A Derry business man has been given 240 hours community service after pleading guilty to breaching waste management legislation.
James Joseph Heaney (45), of Spruce Meadows, admitted four offences in relation to two tyre recycling plants in the city involving over 400,000 waste tyres.
Derry Crown Court heard during July and November 2008, officers from the Northern Ireland Environment Agency, (NIEA) investigated two sites operated by Heaney at Pennyburn Industrial Estate and Campsie Real Estate where substantial quantities of waste tyres had been deposited.
The tyres had been processed through a tyre “crumbing” machine in which the waste tyres were ground down and the casing wire separated.
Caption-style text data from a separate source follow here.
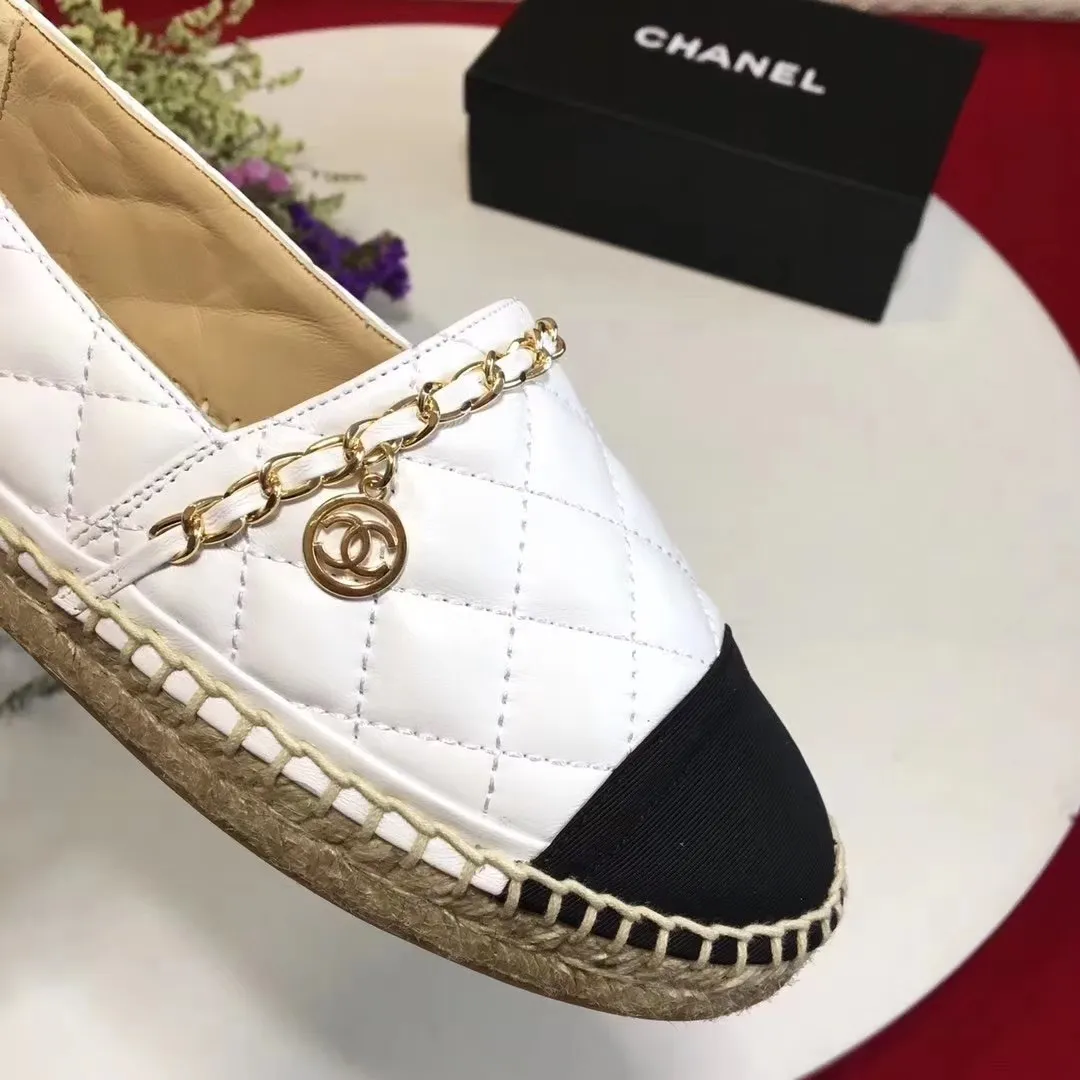 👟👟Ex-factory price 480👟👟 Size: 35-40🌹 🌈🌈[CHANEL Chanel] full range of fisherman shoes... The top version is welcome to compare with all the experts👟👟👟👟 (cloth, leather, lace, sequined) Wool mixed surface)💋💋The lining is made of original sheepskin (the hemp rope bottom and the rubber bottom are integrated) The 100-needle hemp rope is very thorough👍👍...High-quality customization🆚Purchasing agent source‼ ️ The popularity of fishermen’s shoes, I believe everyone who knows the goods knows that people on Earth/Mars are showing off their silk threads one after another💝💝 34-40 (41 and 42 can be customized and non-returnable) standard size 🎁Supporting packaging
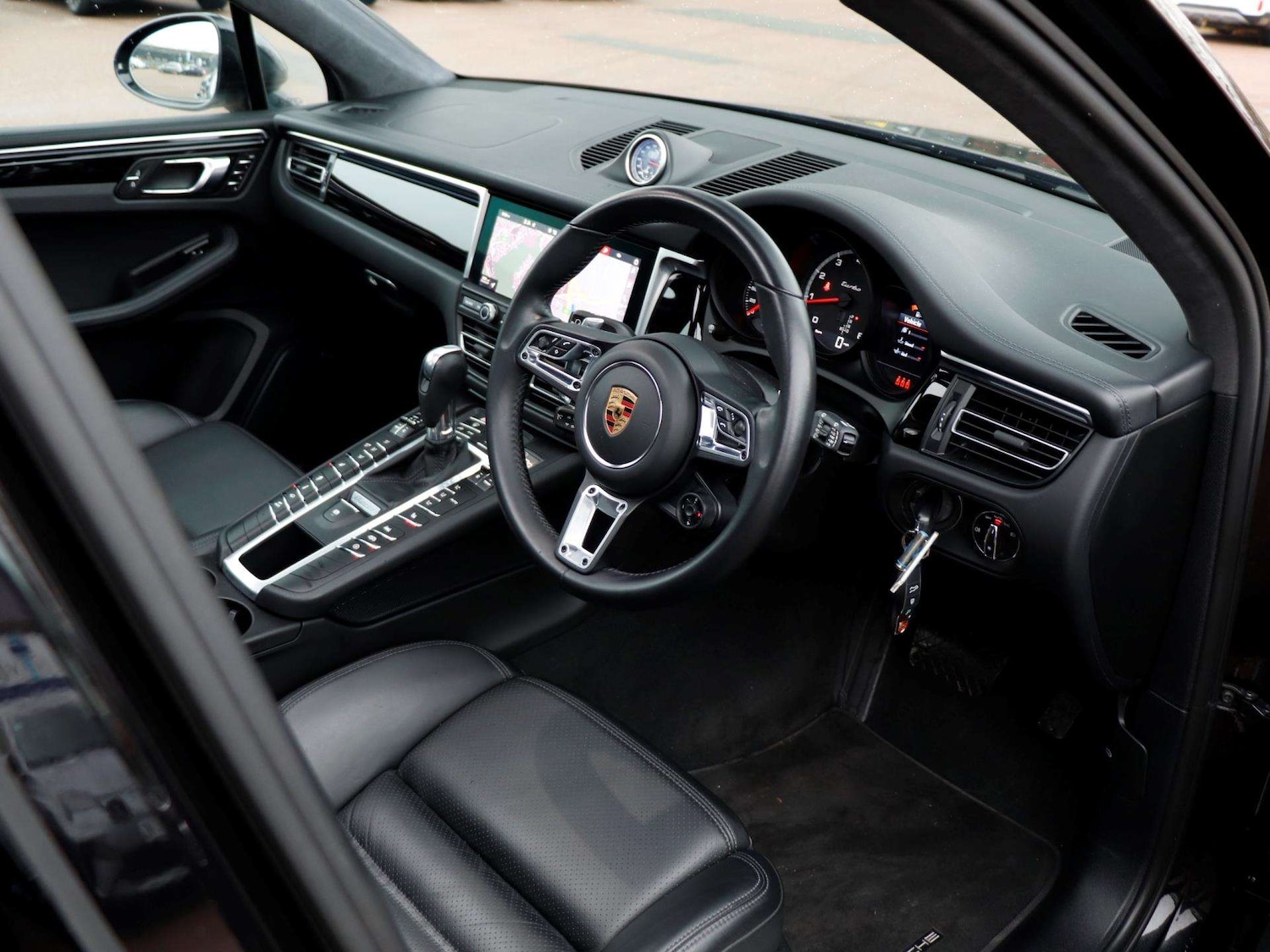 Used Porsche Macan 2021 for sale - 77206380: Photo 10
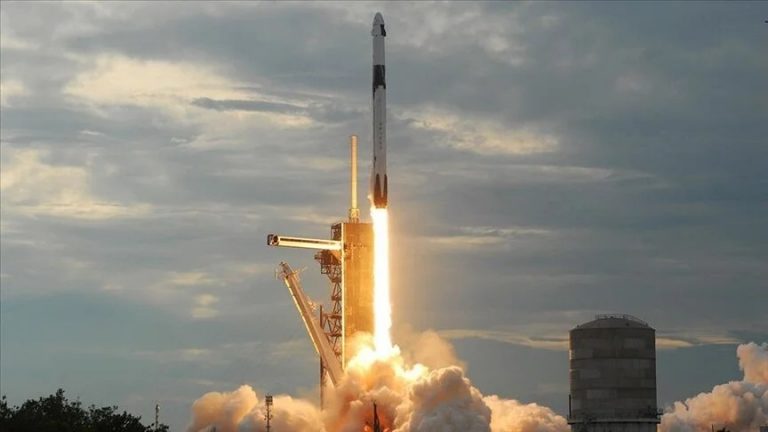 Arabia Saudite nis me sukses anijen kozmike AX-2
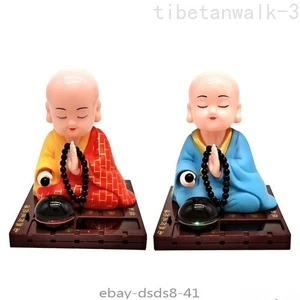 2 pezzi testa tremante ad energia solare Buddha danzante monaco buddista decorazione auto - Foto 1 di 5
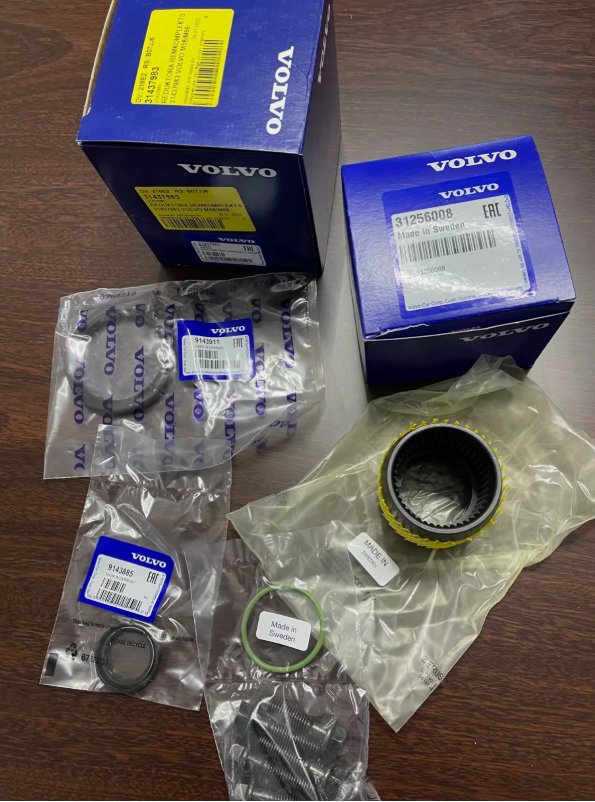 GENUINE VOLVO ANGLE GEAR TRANSFER BOX SLEEVE KIT 31256008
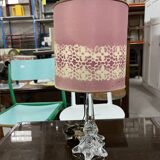LAMP WITH LAMPSHADE.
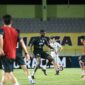 PSS Sleman menghadapi tekanan dari Barito Putera dalam laga krusial demi mempertahankan posisi puncak klasemen Championship 2025/2026 di Stadion 17 Mei Banjarmasin.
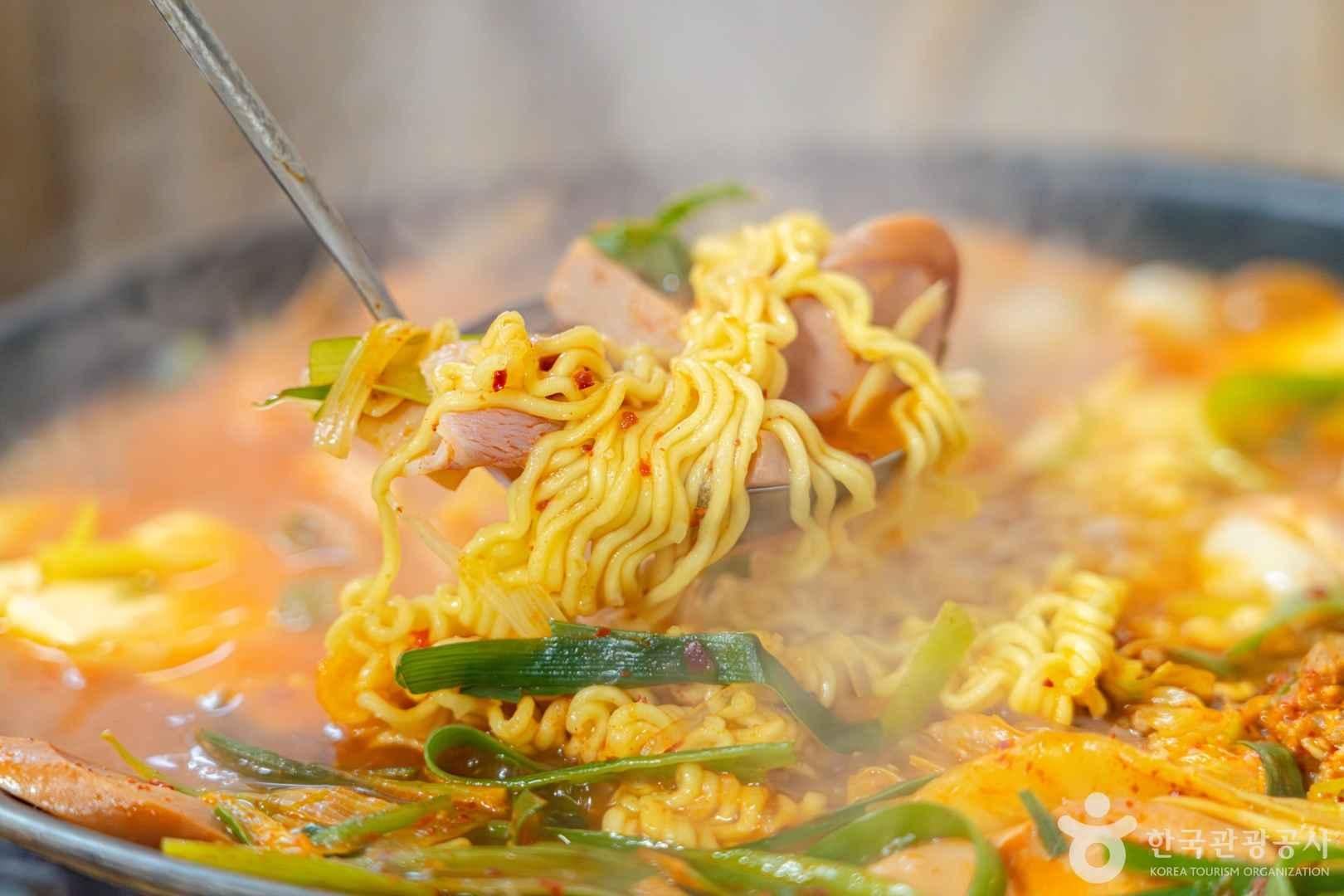 Budaejjigae (Sausage Jjigae)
The two sites were abandoned in 2009 with around 20,000 tyres deposited at the Pennyburn site and approximately 385,500 tyres left at the Campsie site.
The two sites were subject to arson attacks.
The Pennyburn site was set on fire on 18 August 2009 and the Campsie site on 4 October later that year, resulting in the blazes being deemed “major incidents.”
An Eglinton primary school was forced to close during the Campsie fire, which took four days to bring under control and involved around 70 firefighters and eight pumps, including one from Letterkenny in Co Donegal.
Members of the public were advised to close all windows until the respective fires were brought under control.
Contaminated water run-off from the fire entered the storm water drainage system and a stream which bounds the eastern perimeter of the site.
NIEA’s Water Management Unit and the Northern Ireland Fire & Rescue Service placed pollution control measures into the storm water system and the stream to reduce potential impact on the stream and Lough Foyle, where the stream discharges.
An application under the Proceeds of Crime Act was also made during the hearing.